Schmid Matthias, Hothorn Torsten
1Institut für Medizininformatik, Biometrie und Epidemiologie, Friedrich-Alexander-Universität Erlangen-Nürnberg, Waldstrasse 6, D-91054 Erlangen, Germany.
BMC Bioinformatics. 2008 Jun 6;9:269. doi: 10.1186/1471-2105-9-269.
When boosting algorithms are used for building survival models from high-dimensional data, it is common to fit a Cox proportional hazards model or to use least squares techniques for fitting semiparametric accelerated failure time models. There are cases, however, where fitting a fully parametric accelerated failure time model is a good alternative to these methods, especially when the proportional hazards assumption is not justified. Boosting algorithms for the estimation of parametric accelerated failure time models have not been developed so far, since these models require the estimation of a model-specific scale parameter which traditional boosting algorithms are not able to deal with.

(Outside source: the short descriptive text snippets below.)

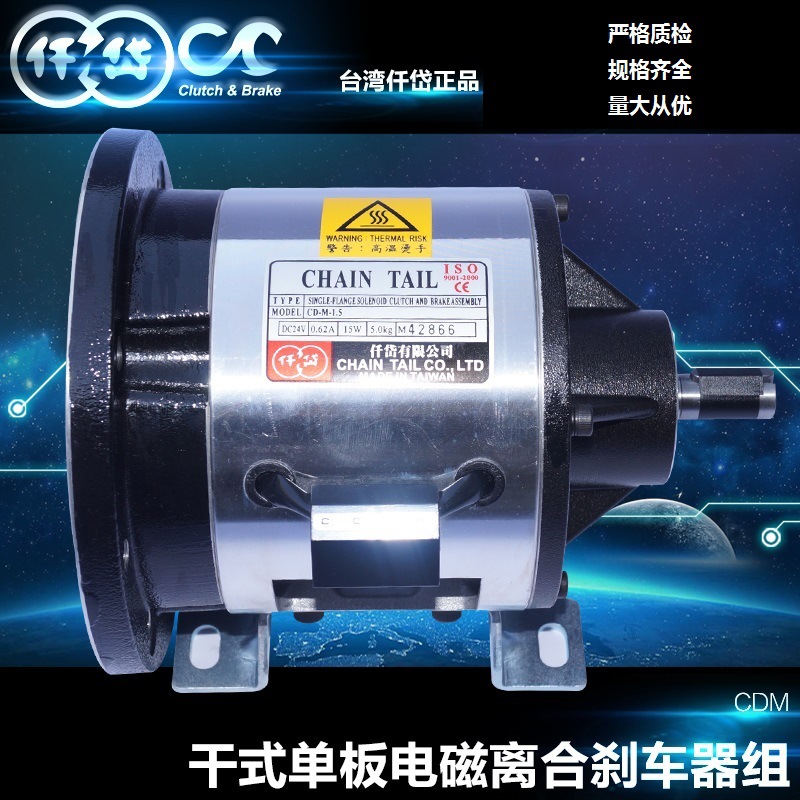 【余姚摩擦焊机】仟岱电磁离合刹车器CSM010AB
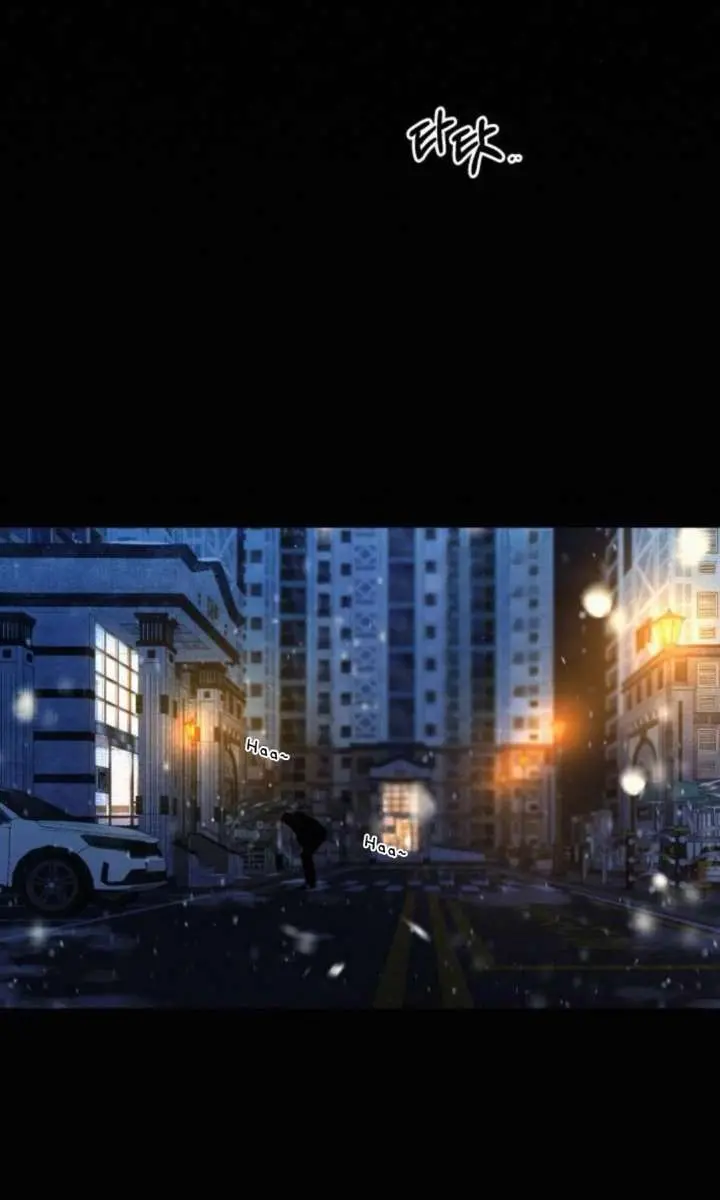 Pure Love Operation Chapter 125 Page 74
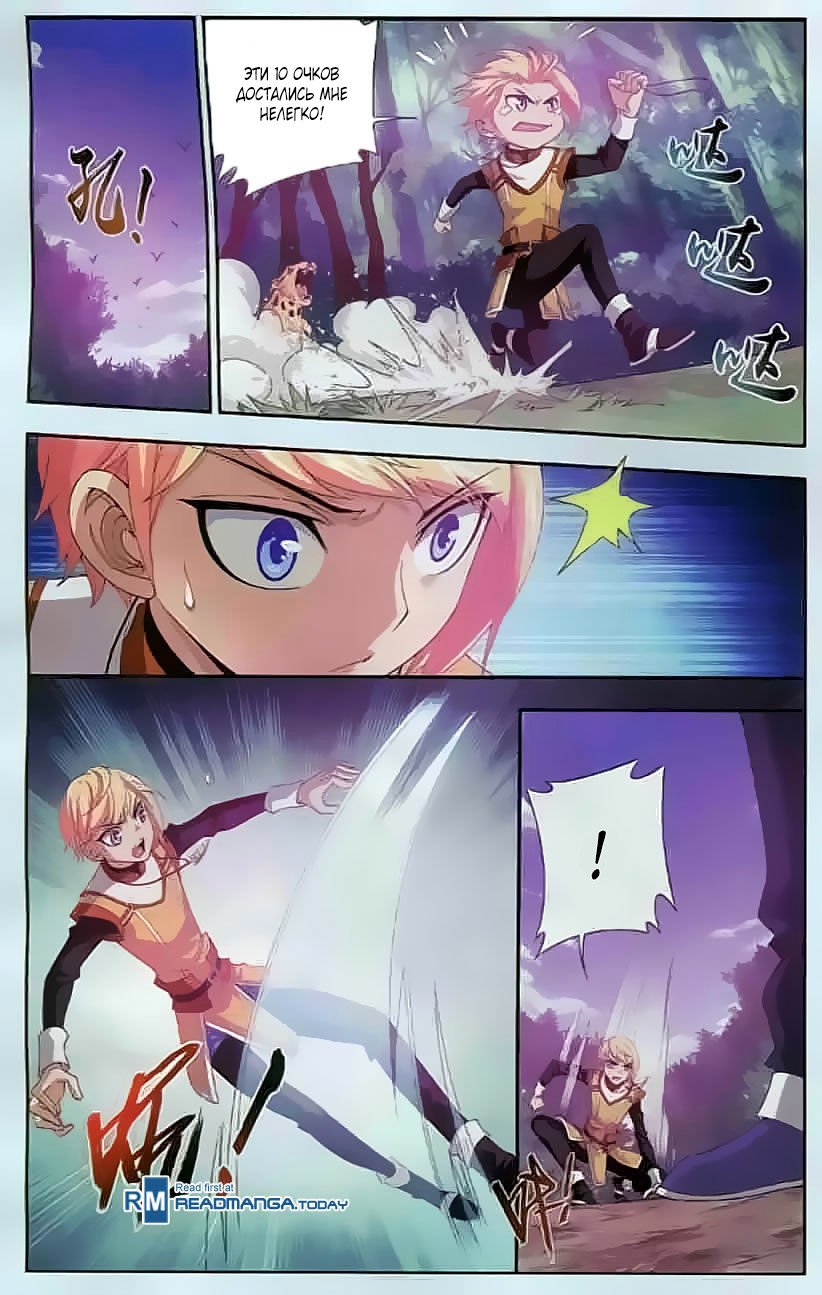 Манга Великий правитель - Глава 32 Страница 6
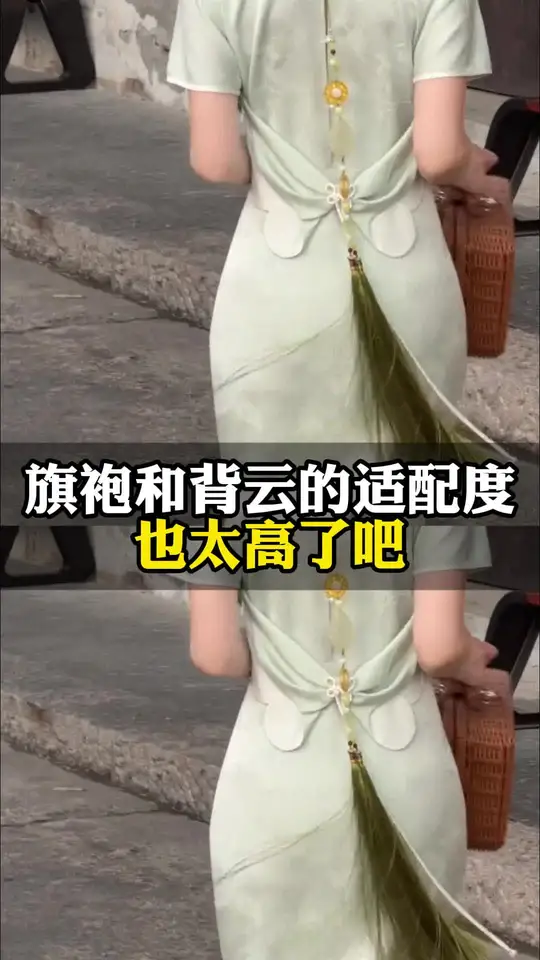 旗袍和背云的适配度也太高了吧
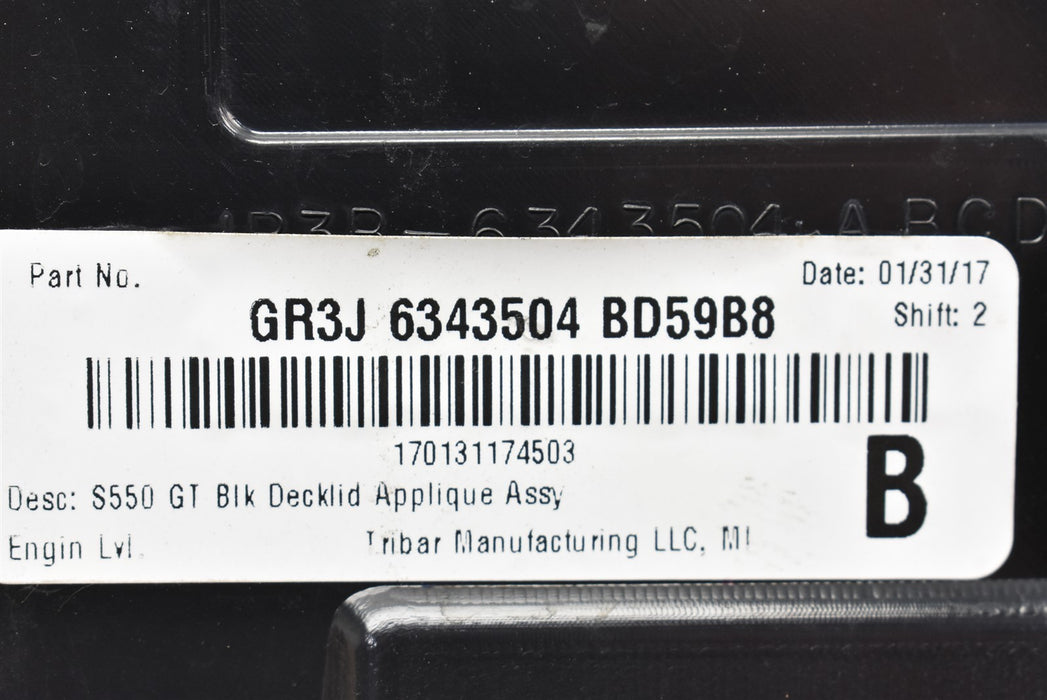 47020951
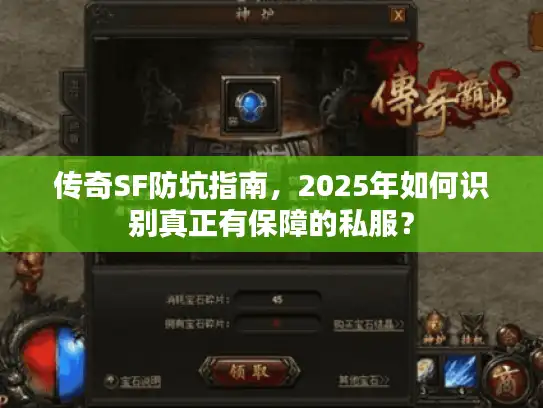 传奇SF防坑指南，2025年如何识别真正有保障的私服？
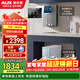 奧克斯（AUX）凈水器家用800G加熱直飲一體機壁掛式管線(xiàn)機廚下RO反滲透凈飲機前置過(guò)濾雙出水全屋套裝
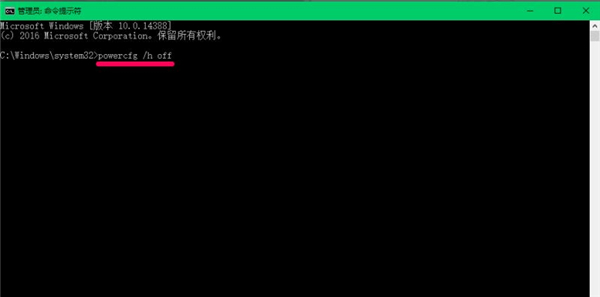 如何關閉Win10 21H1系統的快速啟動功能？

We introduce a new boosting algorithm for censored time-to-event data which is suitable for fitting parametric accelerated failure time models. Estimation of the predictor function is carried out simultaneously with the estimation of the scale parameter, so that the negative log likelihood of the survival distribution can be used as a loss function for the boosting algorithm. The estimation of the scale parameter does not affect the favorable properties of boosting with respect to variable selection.
The analysis of a high-dimensional set of microarray data demonstrates that the new algorithm is able to outperform boosting with the Cox partial likelihood when the proportional hazards assumption is questionable. In low-dimensional settings, i.e., when classical likelihood estimation of a parametric accelerated failure time model is possible, simulations show that the new boosting algorithm closely approximates the estimates obtained from the maximum likelihood method.
当使用提升算法从高维数据构建生存模型时,通常会拟合Cox比例风险模型或使用最小二乘法技术来拟合半参数加速失效时间模型。然而,在某些情况下,拟合完全参数化的加速失效时间模型是这些方法的一个很好的替代方案,特别是当比例风险假设不合理时。到目前为止,尚未开发用于估计参数加速失效时间模型的提升算法,因为这些模型需要估计特定于模型的尺度参数,而传统的提升算法无法处理该参数。
我们引入了一种新的用于删失事件发生时间数据的提升算法,该算法适用于拟合参数加速失效时间模型。预测函数的估计与尺度参数的估计同时进行,因此生存分布的负对数似然可以用作提升算法的损失函数。尺度参数的估计不会影响提升在变量选择方面的良好性质。
对一组高维微阵列数据的分析表明,当比例风险假设存在疑问时,新算法能够优于使用Cox偏似然的提升算法。在低维情况下,即当可以对参数加速失效时间模型进行经典似然估计时,模拟表明新的提升算法与从最大似然法获得的估计值非常接近。